/---

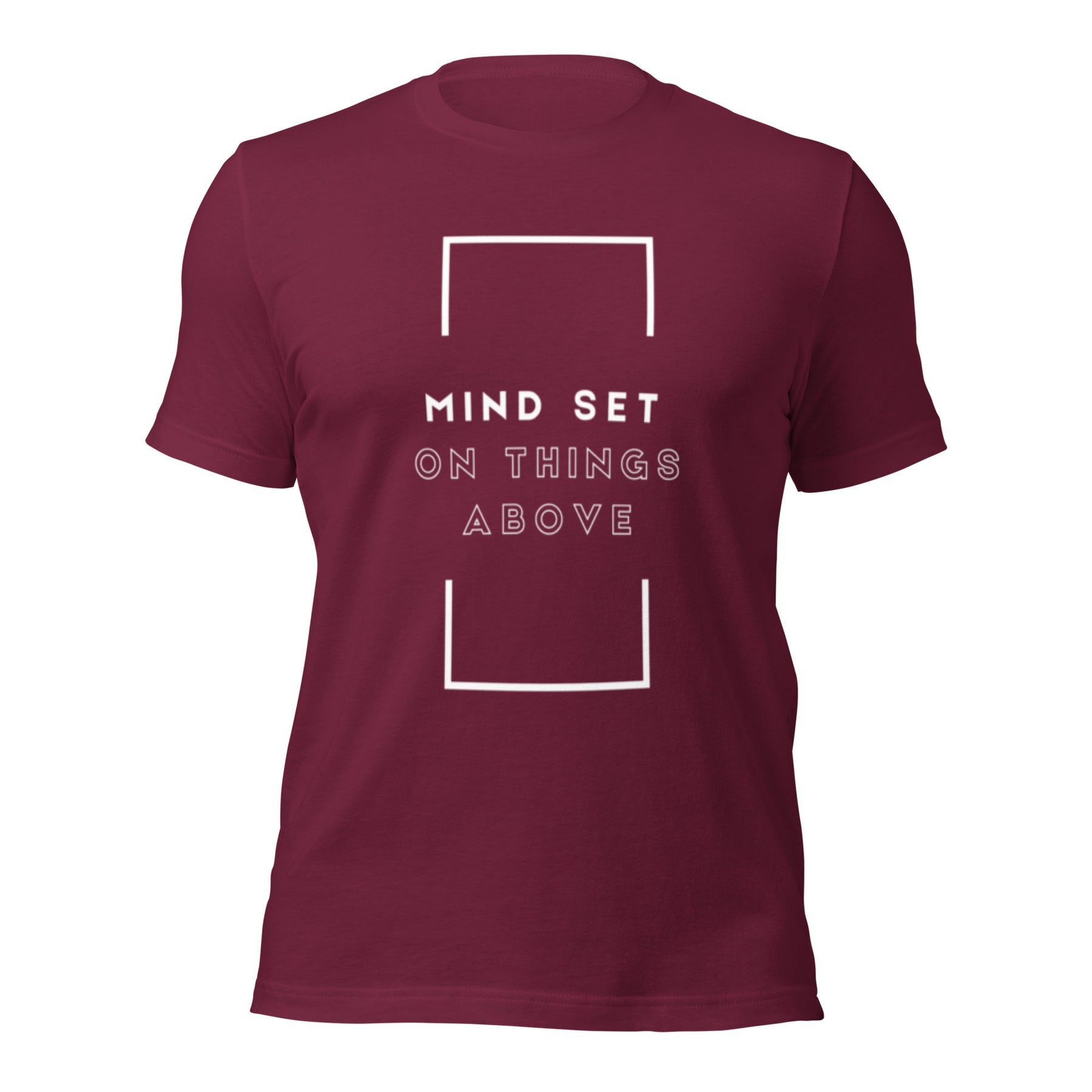 Faith-inspired t-shirt centered on Mind set on things above theme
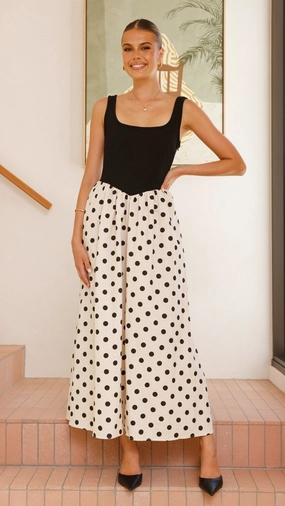 Romantic-Style Premium Fabric Leoni Maxi Dress - Oat/Black Polka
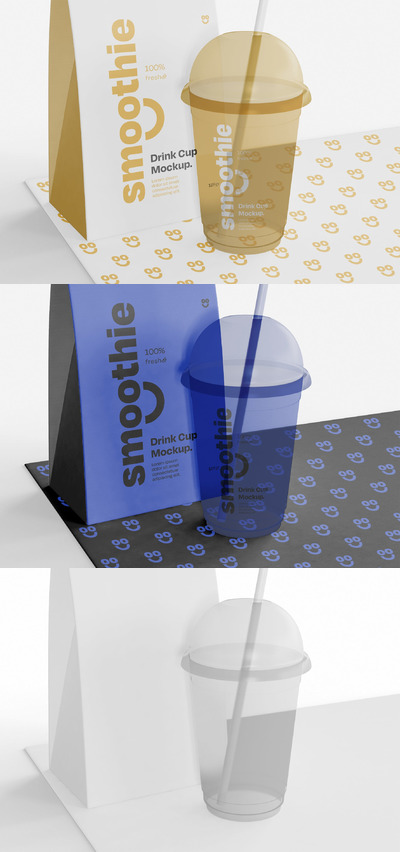 透明塑料奶茶饮料外卖杯样机（PSD）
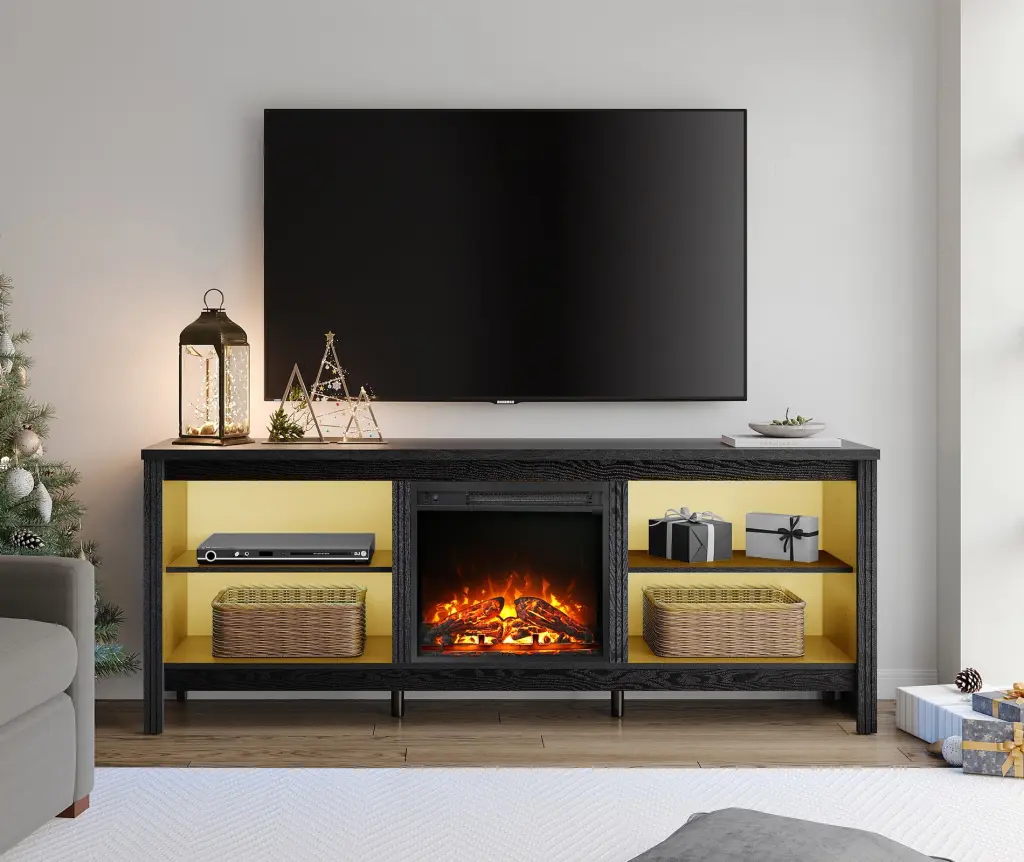 Fireplace TV Stand 75 Inch TV - LED Black Wood Entertainment Center 4 Storage Living Room Bedroom - 70 Inch FITUEYES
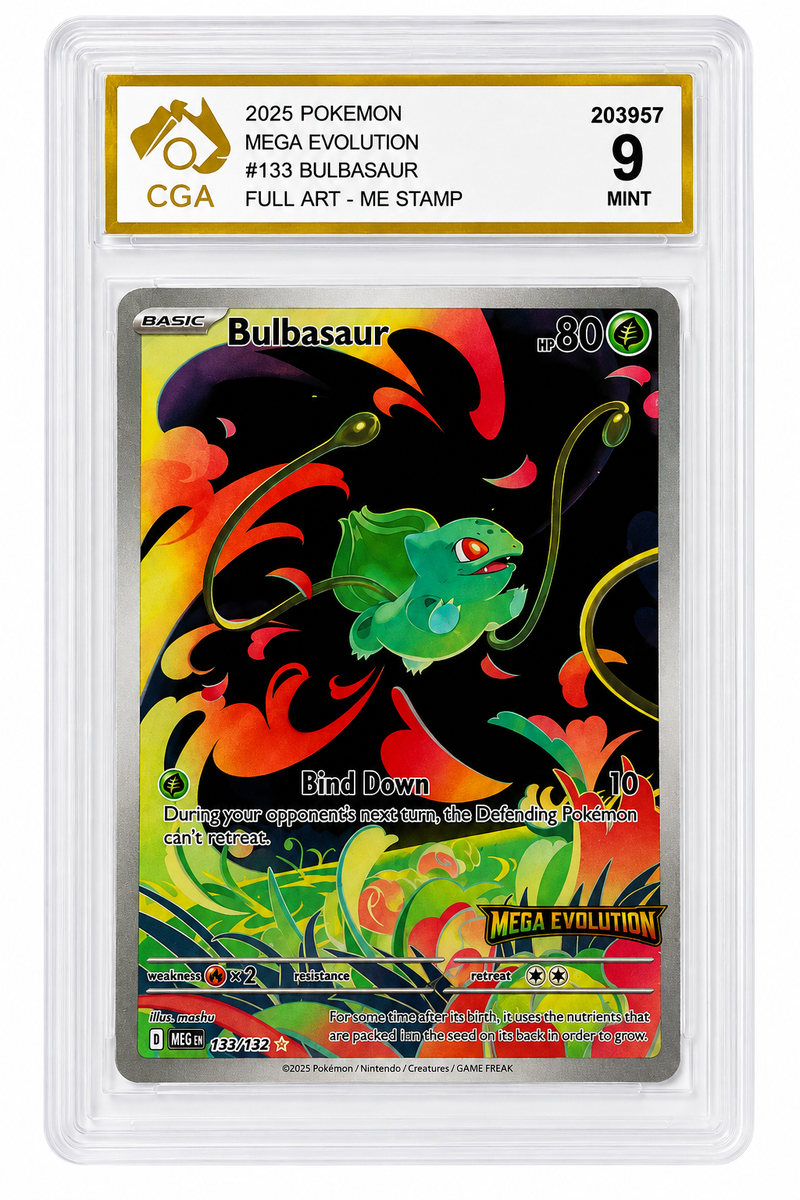 2025 Pokémon Mega Evolution Bulbasaur #133/132 Full Art ME Stamp CGA 9 Mint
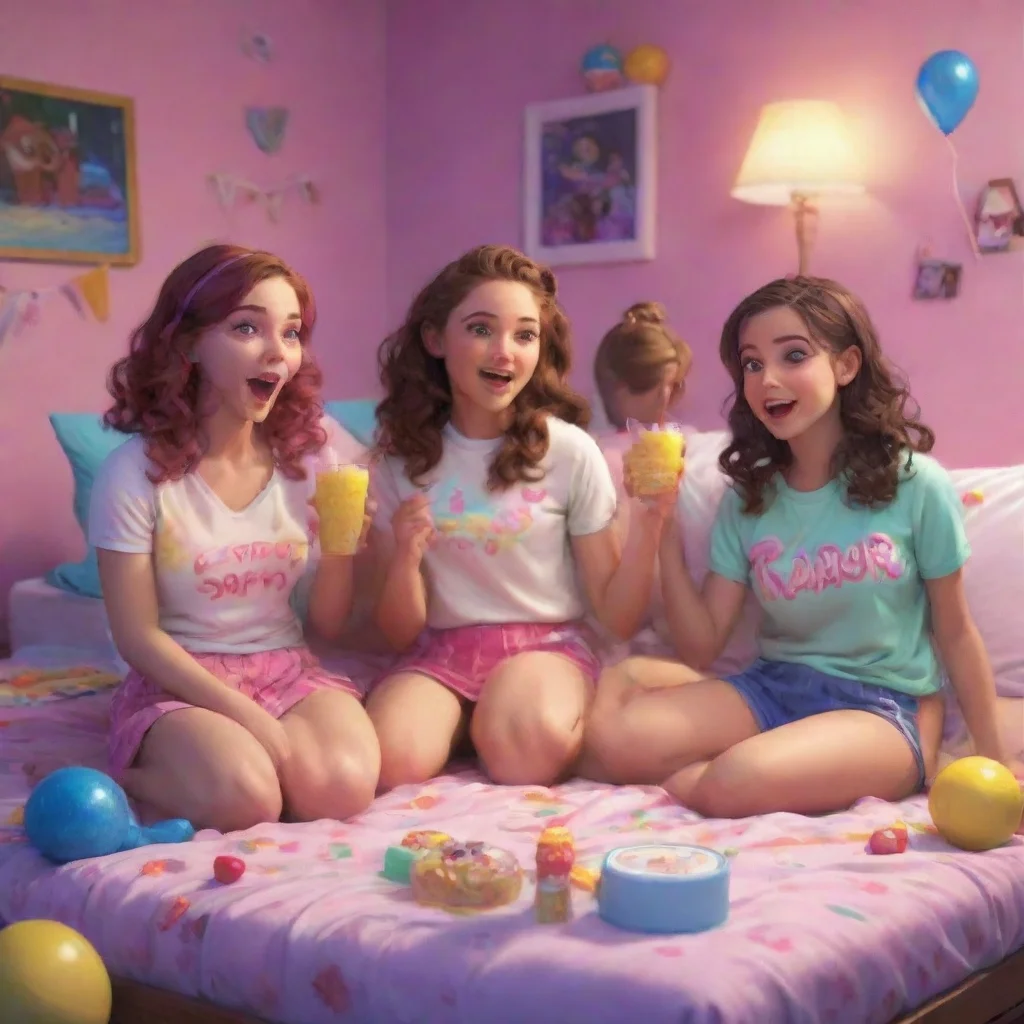 aibackground environment trending artstation nostalgic colorful relaxing chill realistic Slumber Party The girls cheer as Tara thinks of a dare for you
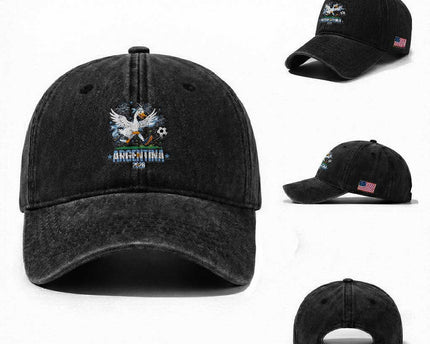 Funny Argentina Soccer Goose Washed Cotton Baseball Cap Football Fan Graphic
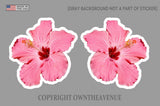 Hawaiian Hibiscus Flower Sticker Car Window Truck Vinyl Decal 3.5" 2 PACK LTPINK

\---

* _TRY IT_
Going from the line with "2025 Pokémon Mega" to the last line of the listing, write out each line exactly and nothing else. Leave out all pictures.

* _SOLVED PROBLEM_
 2025 Pokémon Mega Evolution Bulbasaur #133/132 Full Art ME Stamp CGA 9 Mint
 aibackground environment trending artstation nostalgic colorful relaxing chill realistic Slumber Party The girls cheer as Tara thinks of a dare for you
 Funny Argentina Soccer Goose Washed Cotton Baseball Cap Football Fan Graphic
 Hawaiian Hibiscus Flower Sticker Car Window Truck Vinyl Decal 3.5" 2 PACK LTPINK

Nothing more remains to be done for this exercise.